Beginning with the line that contains "Vase De Pivoines, C.1864", retype the entries below exactly, ending with the line that contains "A Beer A Day". Leave out any pictures.

**THE DATA**
______________________________

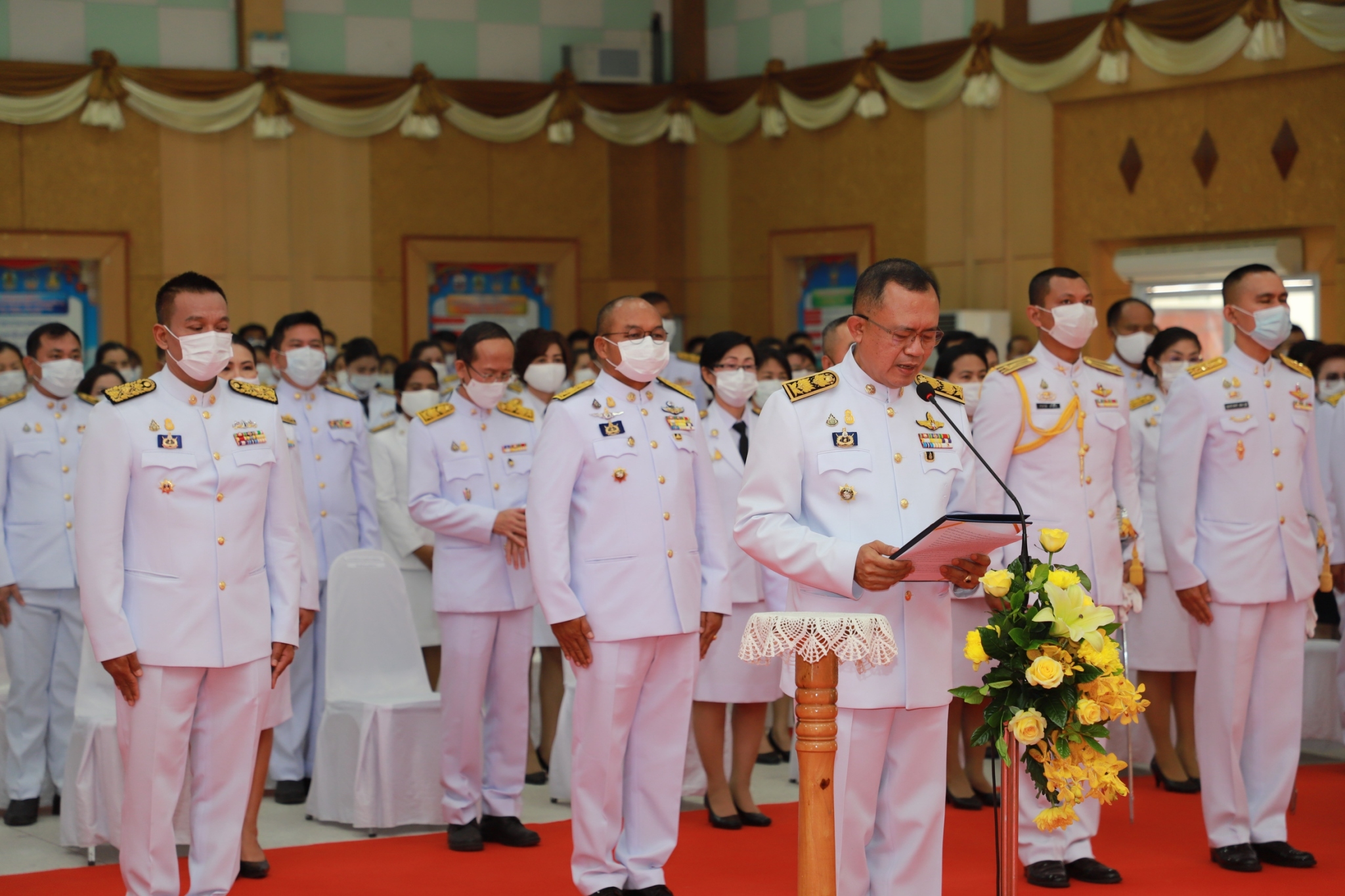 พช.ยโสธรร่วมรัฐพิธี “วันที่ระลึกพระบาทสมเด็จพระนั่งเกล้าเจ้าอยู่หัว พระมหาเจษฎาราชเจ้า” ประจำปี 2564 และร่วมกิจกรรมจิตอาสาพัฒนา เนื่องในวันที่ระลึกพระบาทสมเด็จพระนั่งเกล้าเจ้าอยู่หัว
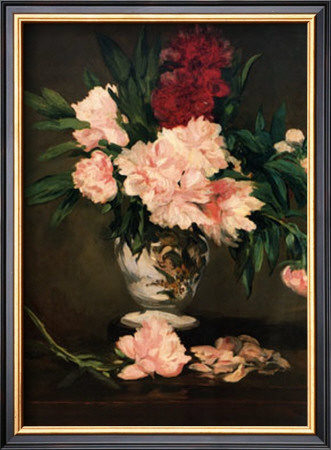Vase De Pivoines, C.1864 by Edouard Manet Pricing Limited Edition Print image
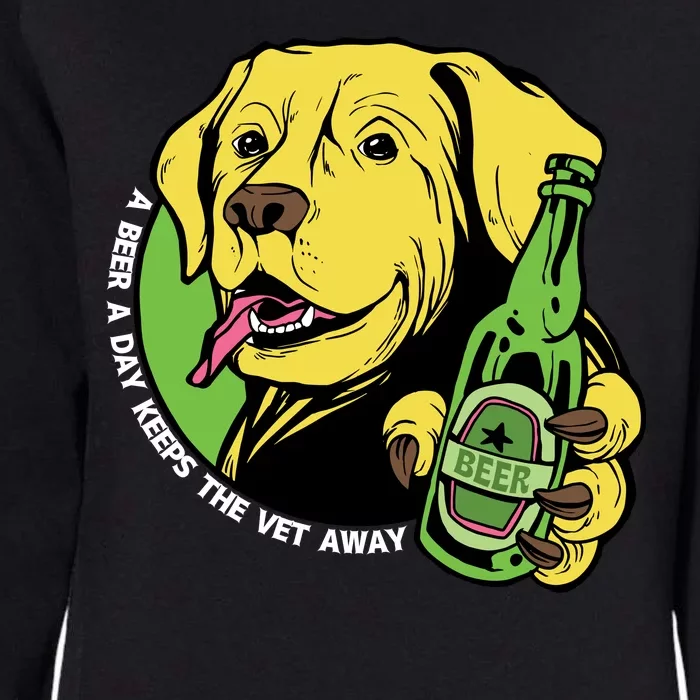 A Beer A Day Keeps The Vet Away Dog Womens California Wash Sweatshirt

______________________________

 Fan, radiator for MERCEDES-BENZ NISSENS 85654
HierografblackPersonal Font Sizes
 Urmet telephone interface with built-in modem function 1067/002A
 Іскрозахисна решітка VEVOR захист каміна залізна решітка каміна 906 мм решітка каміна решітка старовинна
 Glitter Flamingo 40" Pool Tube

______________________________

**SOLVED EXERCISE**
Vase De Pivoines, C.1864 by Edouard Manet Pricing Limited Edition Print image
 A Beer A Day Keeps The Vet Away Dog Womens California Wash Sweatshirt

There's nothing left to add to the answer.